Maybe the flanking regions should be encoded as Ns...?
That way - would only mean that it is thought to be an indel, and N always means unknown. That seems reasonable.
Isaac Overcast
@isaacovercast
Aug 31 2017 19:47
@tommydevitt I actually don't know where that is supposed to link to.... There's more info about running ipcluster on the other HPC docs page: http://ipyrad.readthedocs.io/HPC_script.html?highlight=HPC#optional-controlling-ipcluster-by-hand
Deren Eaton
@dereneaton
Aug 31 2017 19:48
Oh yeah, I never finished making the thing it was supposed to link to.

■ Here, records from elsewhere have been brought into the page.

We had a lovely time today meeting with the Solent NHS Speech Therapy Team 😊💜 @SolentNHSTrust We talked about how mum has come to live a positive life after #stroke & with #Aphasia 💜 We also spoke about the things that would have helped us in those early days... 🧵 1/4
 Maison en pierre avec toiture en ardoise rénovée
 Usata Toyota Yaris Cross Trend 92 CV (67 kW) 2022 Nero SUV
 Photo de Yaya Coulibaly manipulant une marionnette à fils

Was planning a more in depth tutorial on it.
James Clugston
@Cycadales_twitter
Aug 31 2017 21:11
@dereneaton @isaacovercast just moved my data over to an AWS online instance and I am wondering if this looks ok with two samples? should there be so many Vsreach jobs running? This was the command I used ipyrad -p params-Carm2.txt -c 64 -t 32 -s 3 -r >& Carm2 &
Screen Shot 2017-08-31 at 22.07.00.png
Screen Shot 2017-08-31 at 22.07.44.png
toczydlowski
@toczydlowski
Aug 31 2017 23:49
@dereneaton I agree Deren. I did check the u.snp.phy file and of about 7,700 SNPs, none had more than 25% Ns. So yes it seems to be an issue of stuff in those tails being dragged along and called as SNPs, but when the best SNP is picked for .u.X files, all SNPs fit the filtering (although some -'s are just a product of tails and not true indels). I agree that the tails and true indels should be coded distinctly, and filling N's for the tails makes sense to me (since it's a product of the digest). Best case scenario in my mind would be to check that cut site sequence exists at end of 5' tails and start of 3' tails before filling with Ns though. Is there a reason we wouldn't want to check the cut site exists as just stated and then just chop those tails off the final loci (instead of coding them as Ns) - perhaps just by running those loci through cutadapt again with the enzyme cut site specified as a 3' and 5' "adapter". You'd have to be sure you were finding tails and not a cut site in the middle of a locus though obviously. Thoughts on filtering the contents of .vcf file to match e.g. u.snp.phy?